If you want to get detailed information about the model/corpus, use:

In [4]:
fake_news_info = api.info('fake-news')
print(fake_news_info)

{'description': "It contains text and metadata scraped from 244 websites tagged as 'bullshit' here by the BS Detector Chrome Extension by Daniel Sieradski.", 'checksum': 'a61f985190ba361defdfc3fef616b9cd', 'file_name': 'fake.csv', 'source': 'Kaggle'}


Sometimes, you do not want to load the model to memory. You would just want to get the path to the model.
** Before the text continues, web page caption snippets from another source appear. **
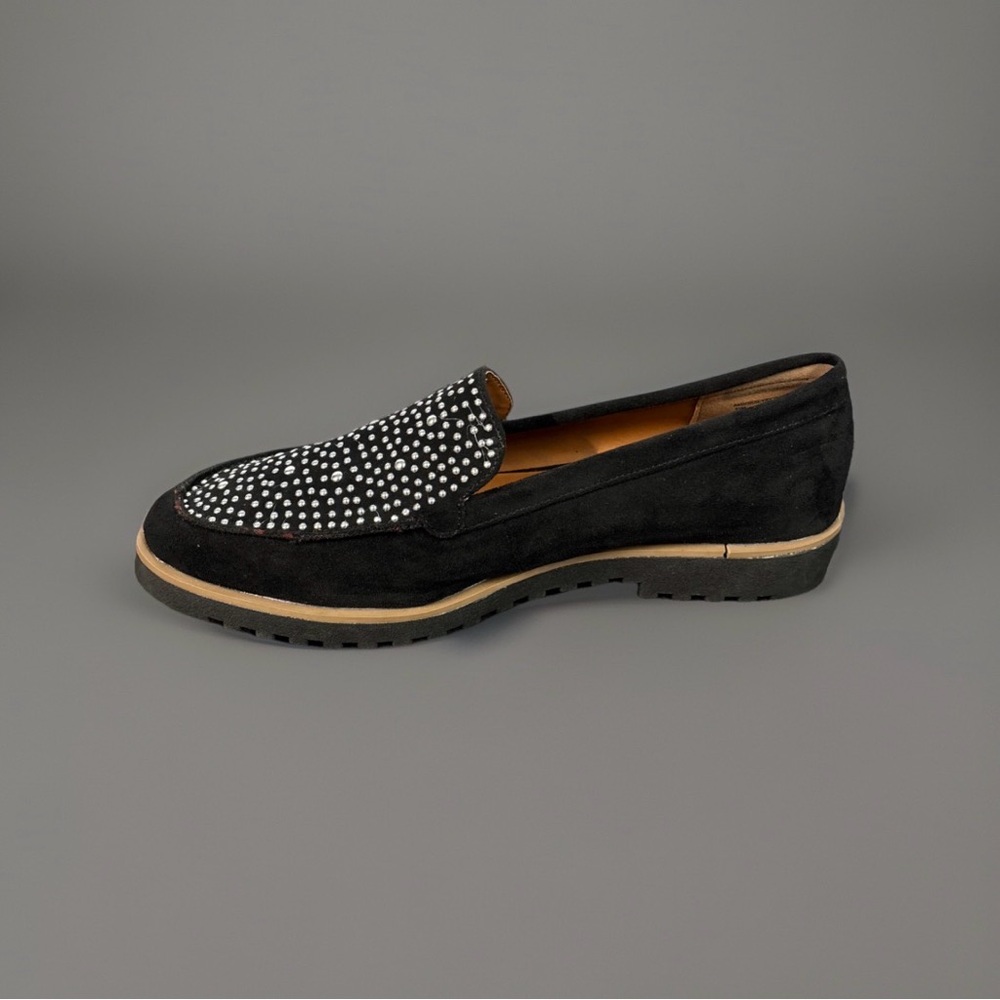Anne Klein Dorsey Black Suede Loafers with Studded Design Size 11M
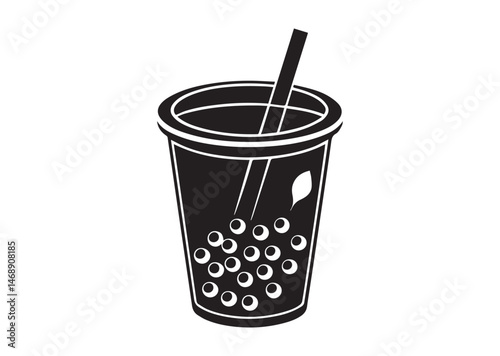 Bubble Tea Silhouette Vector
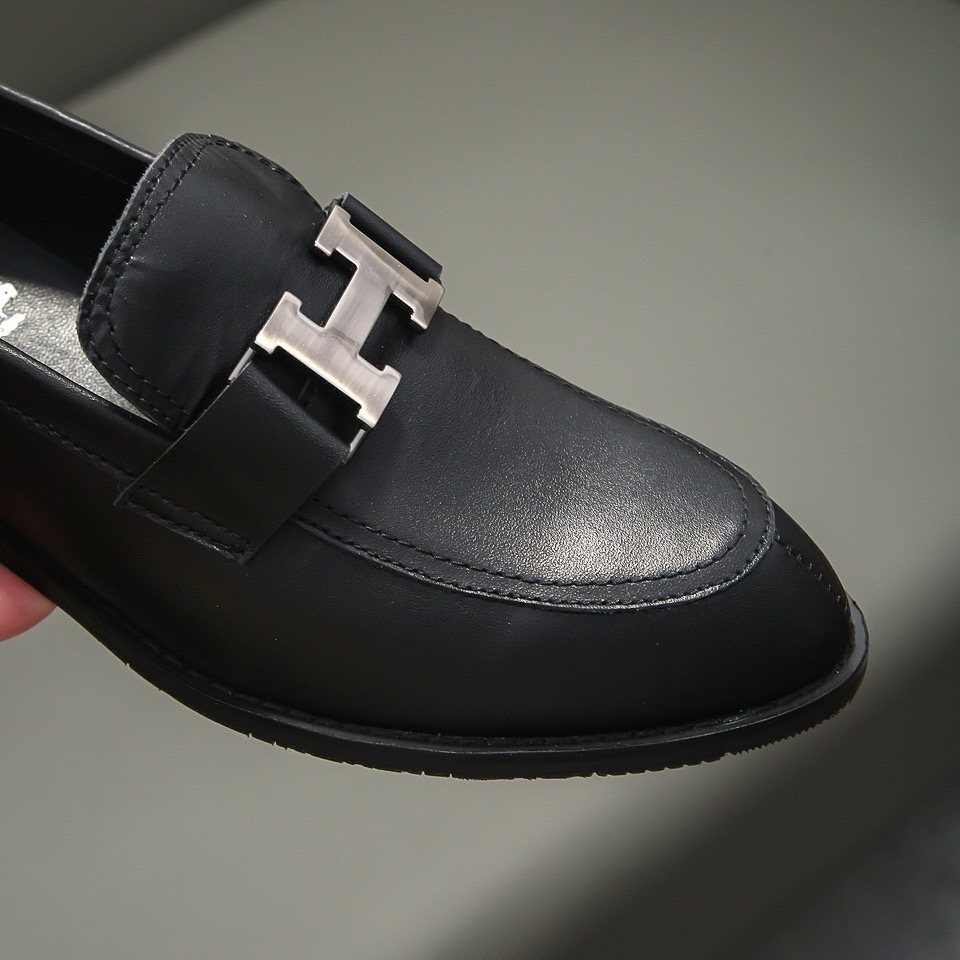 Hermès Black H-Buckle Loafers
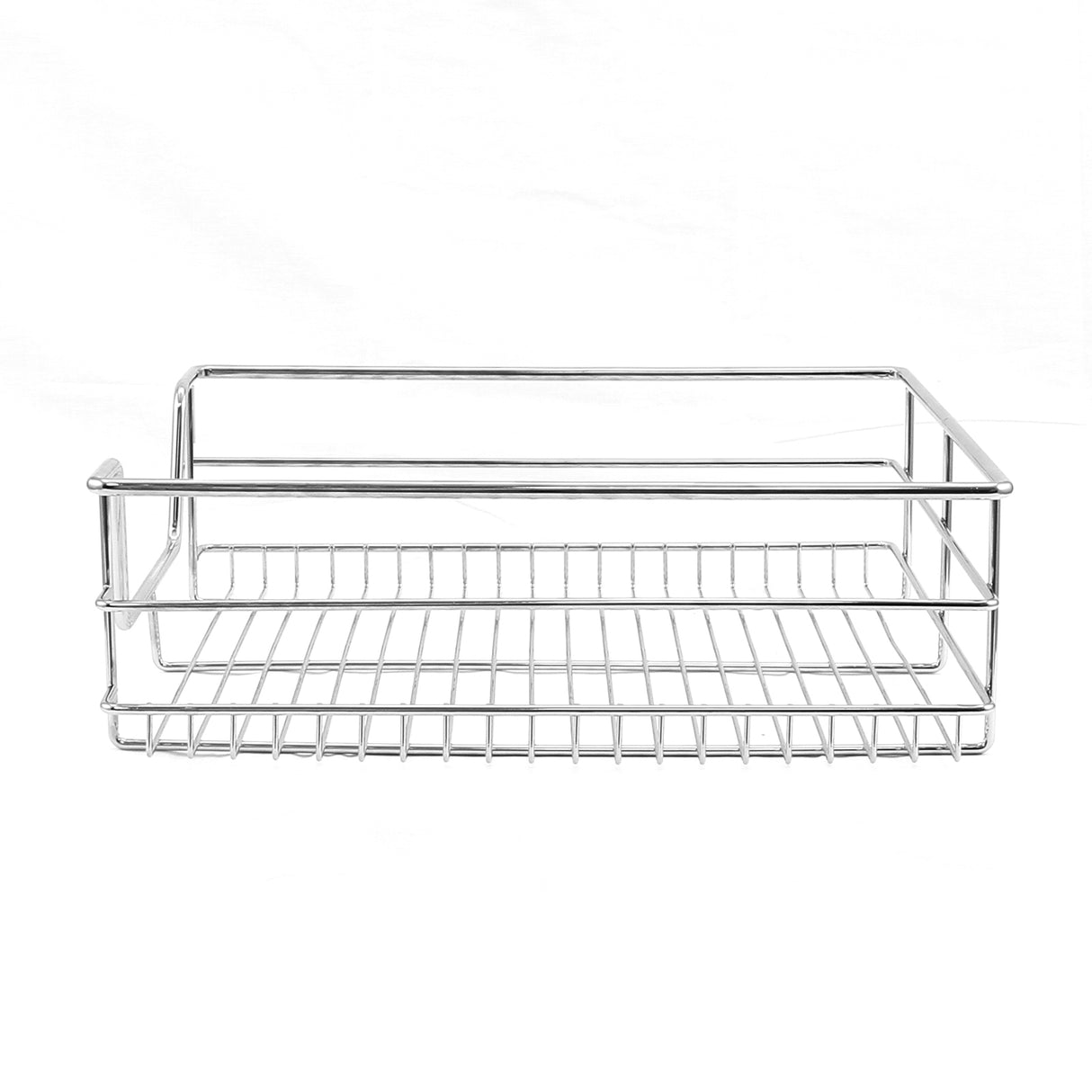 Cestello estraibile in acciaio inox lucido, rettangolare, con struttura a rete e manico, ideale per organizzare la cucina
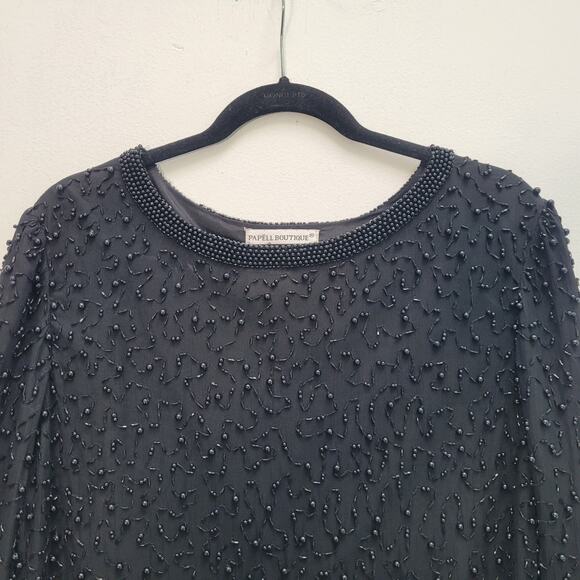 Papell Boutique Evening Black Silk Beaded Tunic Long Sleeve Top Womens Large - Picture 6 of 13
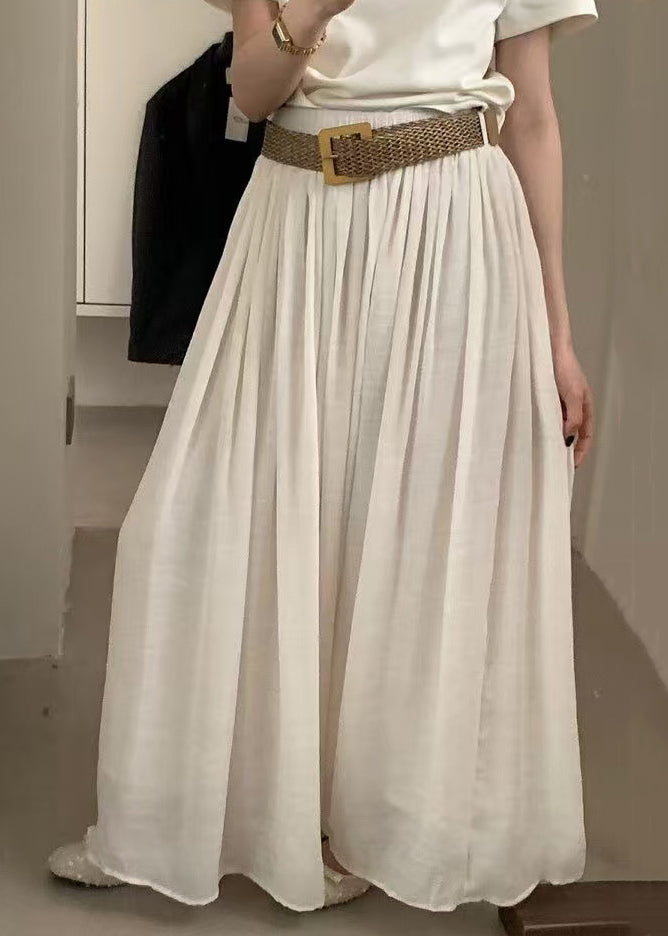 Women White Wrinkled Solid Elastic Waist Cotton Skirts Summer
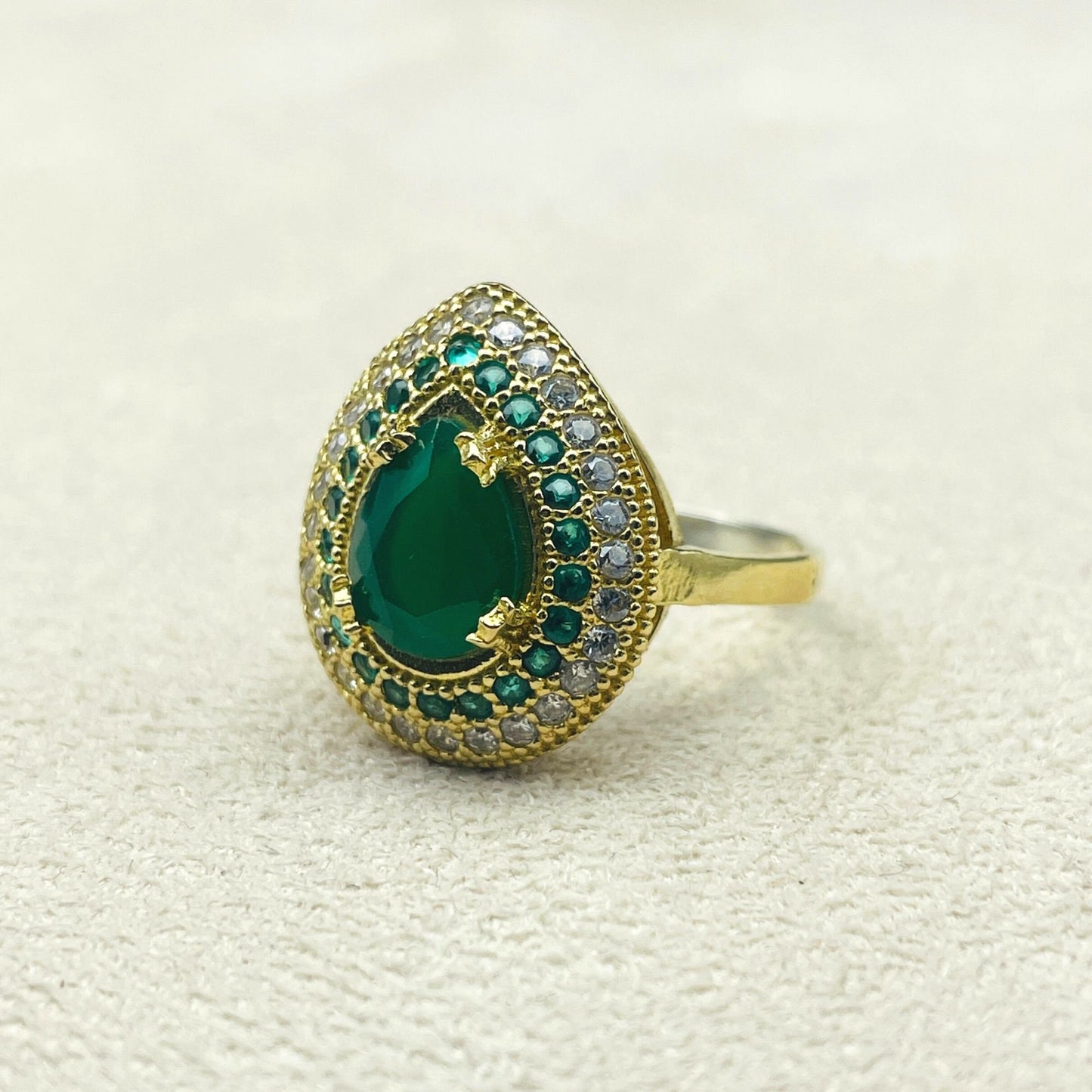 Green Emerald Stone Womens Ring, Turkish Handmade Hurrem Design Ring, Authentic Ring, 925 Sterling Silver, Ottoman Sytle Ring Ladies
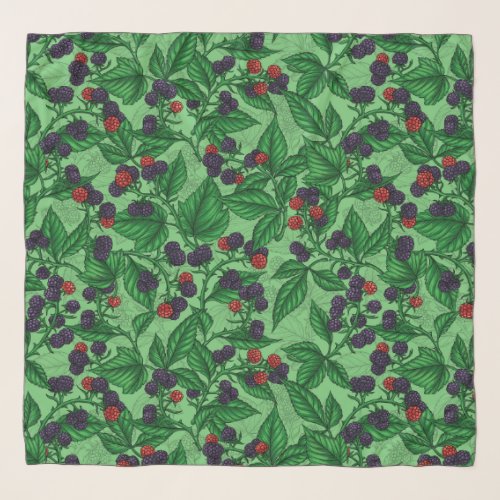 Blackberries on green scarf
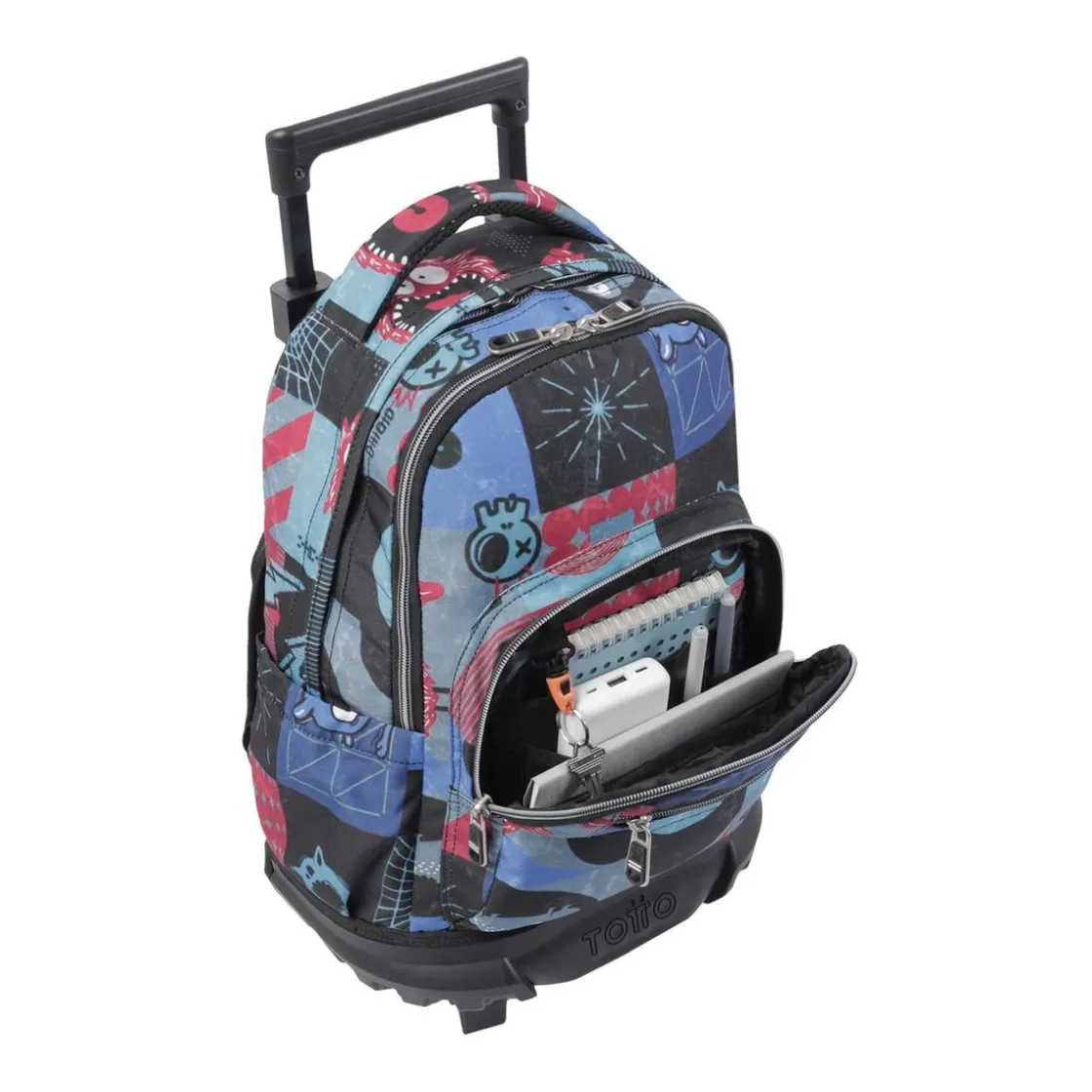TOTTO - Mochila escolar pequeña ruedas cyber monstruos Resma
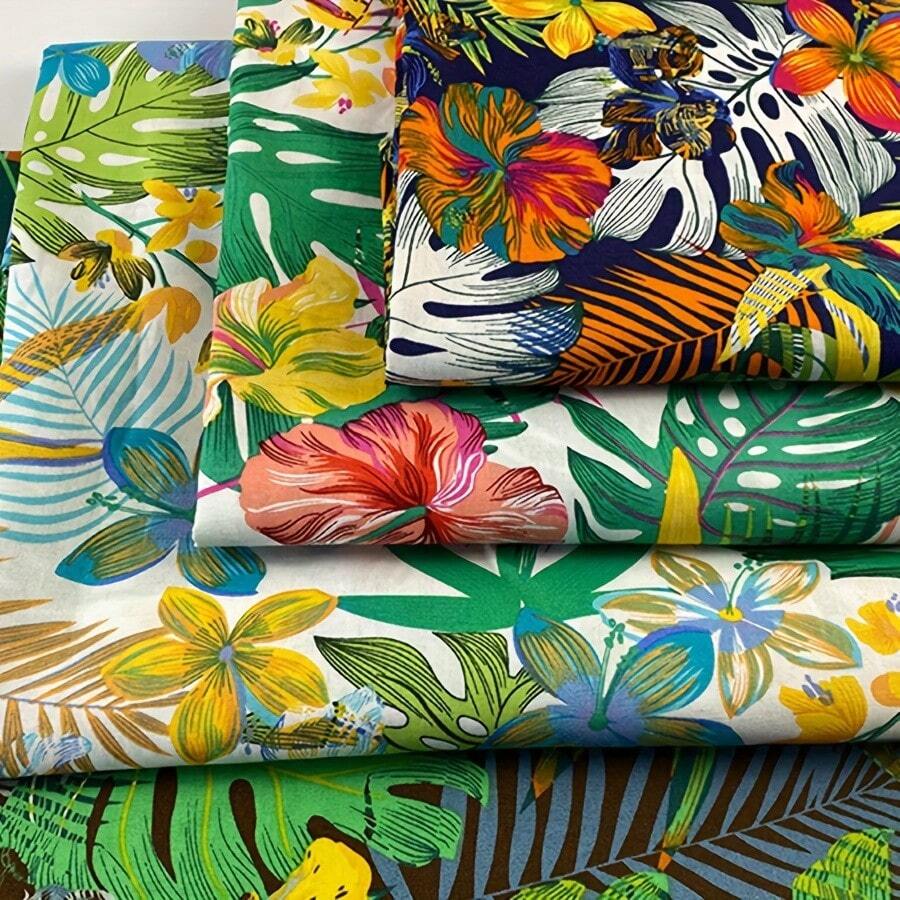 4 Pcs Summer Fabric Bundles Tropical Leaves Flower Hawaiian Quilting Patchwork For DIY Handmade Craft Home Party Decor, 19.6inch X 18.5inch (50cmx47cm)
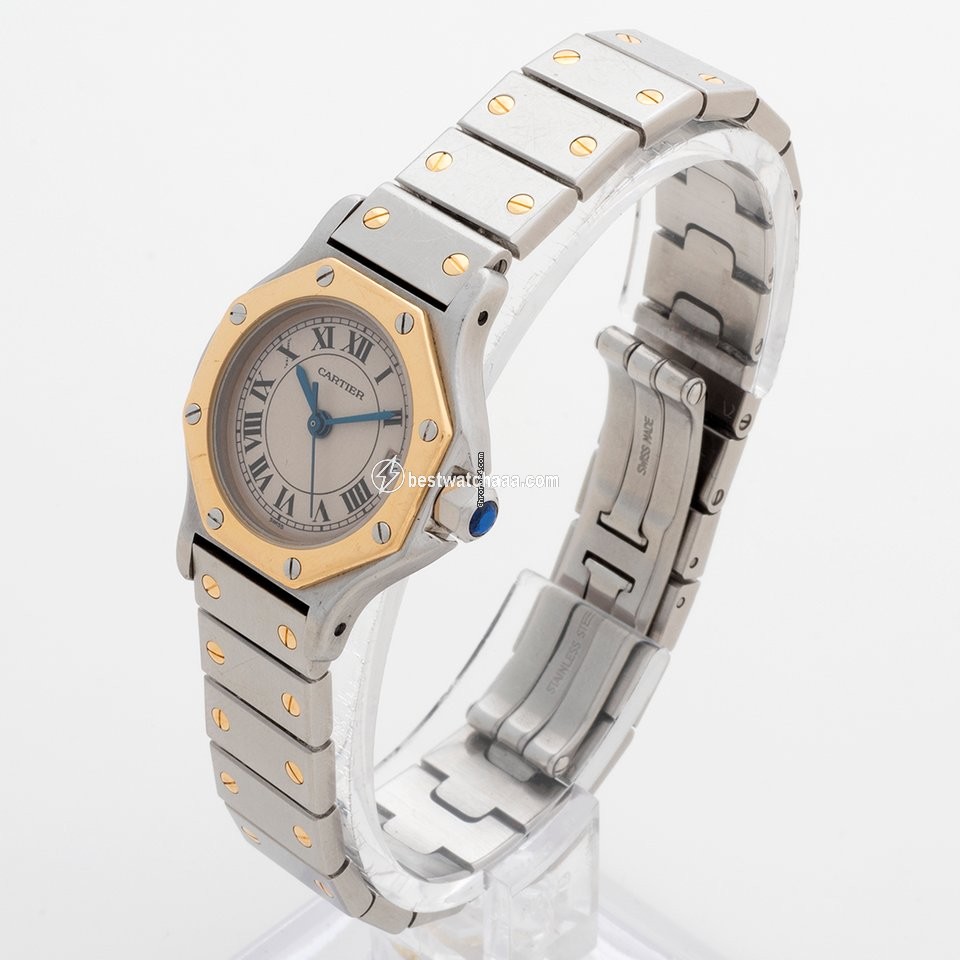 IMG_9081 Cartier Santos Womens watch Quartz Gold Steel 187903 Replica 4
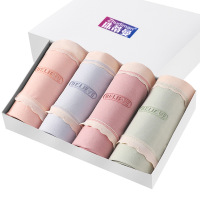 Brookings棉质女士内裤 绵柔云感中腰三角裤女 ins风女士内裤盒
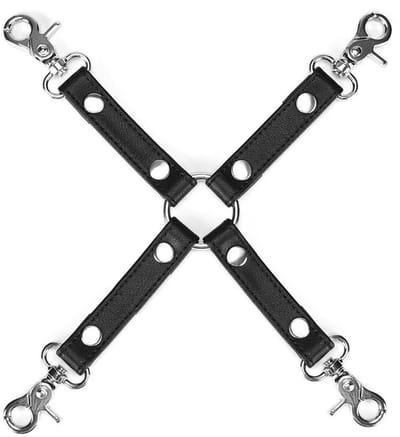 Liebe Seele - Black Bond - Bonded Leren Hogtie Bondage Connector - Eco-vriendelijk - Nikkelvrij - Zwart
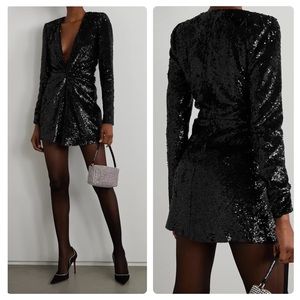NEW GAUGE81 Midar Gathered Sequined Tulle Mini Dress Black Sz Medium Fairy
For that, use :

In [8]:
print(api.load('glove-wiki-gigaword-50', return_path=True))

/home/chaitali/gensim-data/glove-wiki-gigaword-50/glove-wiki-gigaword-50.txt


If you want to load the model to memory, then:

In [10]:
model = api.load("glove-wiki-gigaword-50")
model.most_similar("glass")

[('plastic', 0.7942505478858948),
 ('metal', 0.770871639251709),
 ('walls', 0.7700636386871338),
 ('marble', 0.7638523578643799),
 ('wood', 0.7624280452728271),
 ('ceramic', 0.7602593302726746),
 ('pieces', 0.7589111924171448),
 ('stained', 0.7528817057609558),
 ('tile', 0.748193621635437),
 ('furniture', 0.7463858723640442)]

In corpora, the corpus is never loaded to memory. Always,(i.e it doesn't matter if return_path is True or false) the path to the dataset file/folder will be returned and then you will hve to load it yourself.